Additional authors on this research are Mary E. Hawk, Dr.P.H., Mackey Reuel Friedman, Ph.D., M.P.H., Christina Mair, Ph.D., and James Erin Egan, Ph.D., M.P.H., all of Pitt Public Health, and Jennifer McNaboe, M.P.H., of Beth Israel Deaconess Medical Center.
The study participants were Allegheny County residents between 29 and 48 years old. Half were HIV-positive, and two-thirds were people of color. Half had been incarcerated more than once. All had been housed with men while incarcerated and all said they feared for their safety due to their trans identities. Some said they were physically and sexually abused and called “it” or “thing.”
Post-release, all participants said they experienced discrimination during job interviews, and stigma and harassment from employers and coworkers. They commonly said that transportation to work or probation meetings was difficult. They also had difficulty finding conveniently located health care providers for trans-specific needs and HIV care when necessary.
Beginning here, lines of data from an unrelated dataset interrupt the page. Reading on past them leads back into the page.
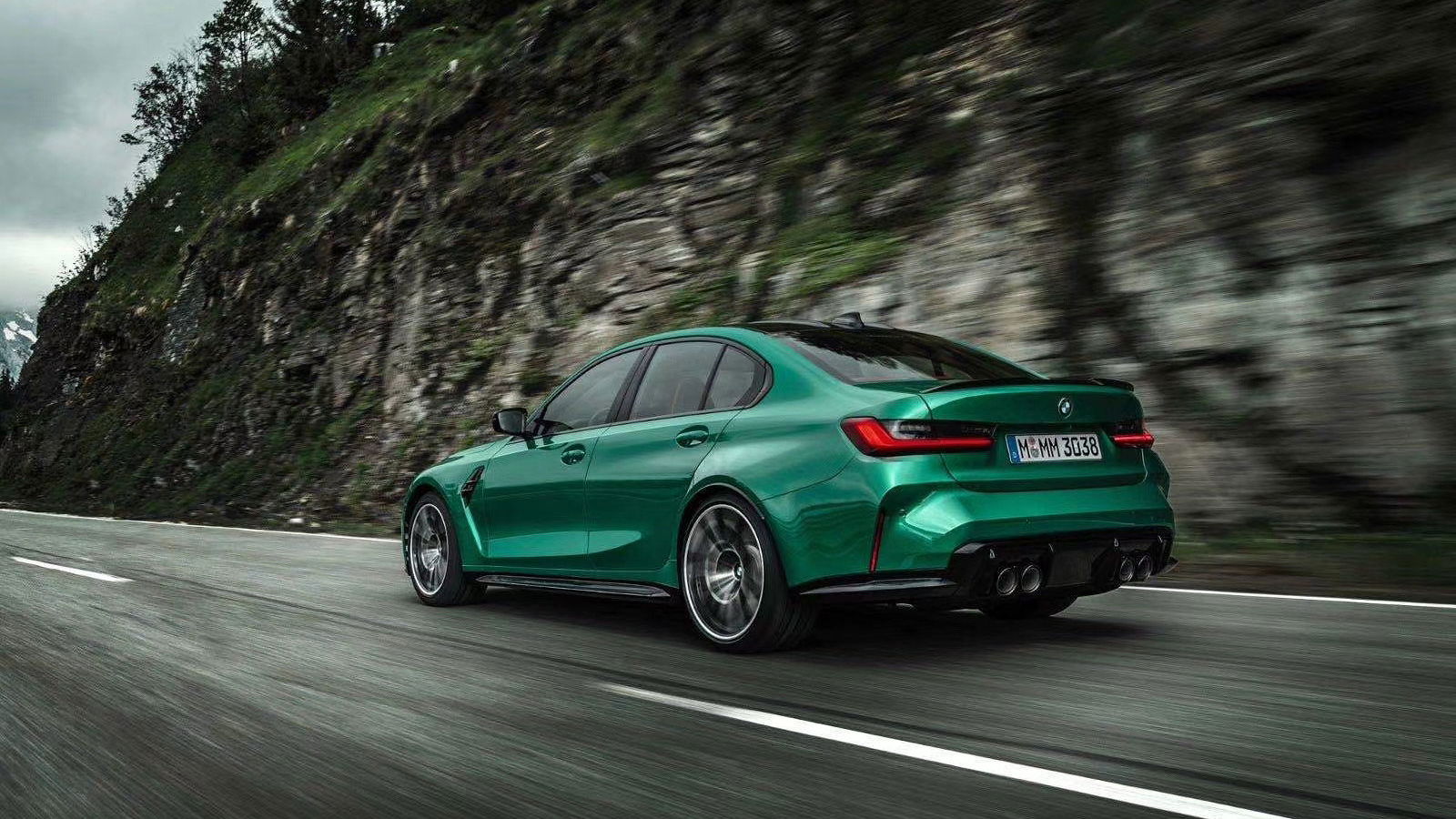 Witness The Grille: The New BMW M3 And M4 Have Been Leaked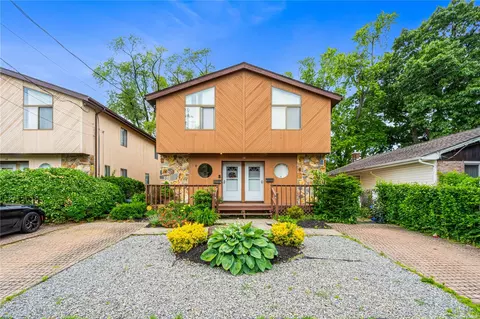 59 Firwood Rd, Port Washington, NY 11050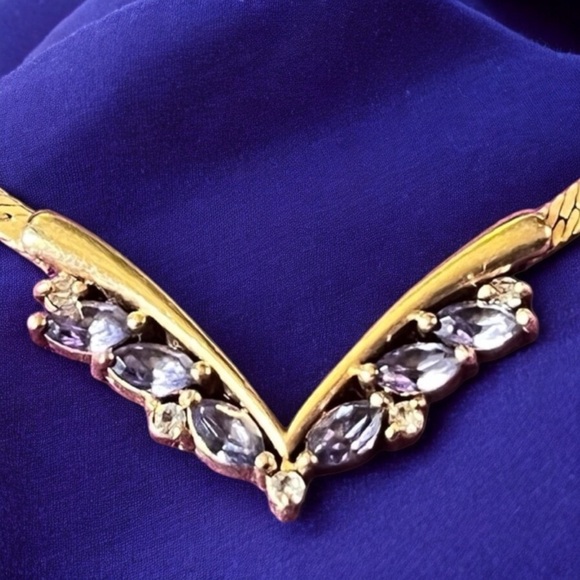 Vintage Gold Tone and Purple Rhinestone Gemstone V Herringbone Chain Necklace - Picture 2 of 5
When Allegheny County probation offices, trans-inclusive health care providers and job services were mapped with bus lines and overlaid on a map detailing the areas of the county with higher rates of poverty (where trans people and previously incarcerated people are more likely to live), Creasy found that the resources didn’t align with the areas of need.
Creasy also asked the participants about experiences that they found helpful. Two-thirds of participants said that having social support, such as being with other trans women or gay men, gave them a sense of resilience while incarcerated. Participants who connected to social support via friends, family or community post-incarceration said they felt less likely to be re-incarcerated.
The researchers, therefore, recommended: 1) connecting trans people who’ve been incarcerated with resources post-release in an effort to lower rates of recidivism; and 2) co-locating trans-inclusive resources – such as career services, health care that includes hormone therapy and HIV clinics – in places close to public transport is one recommendation.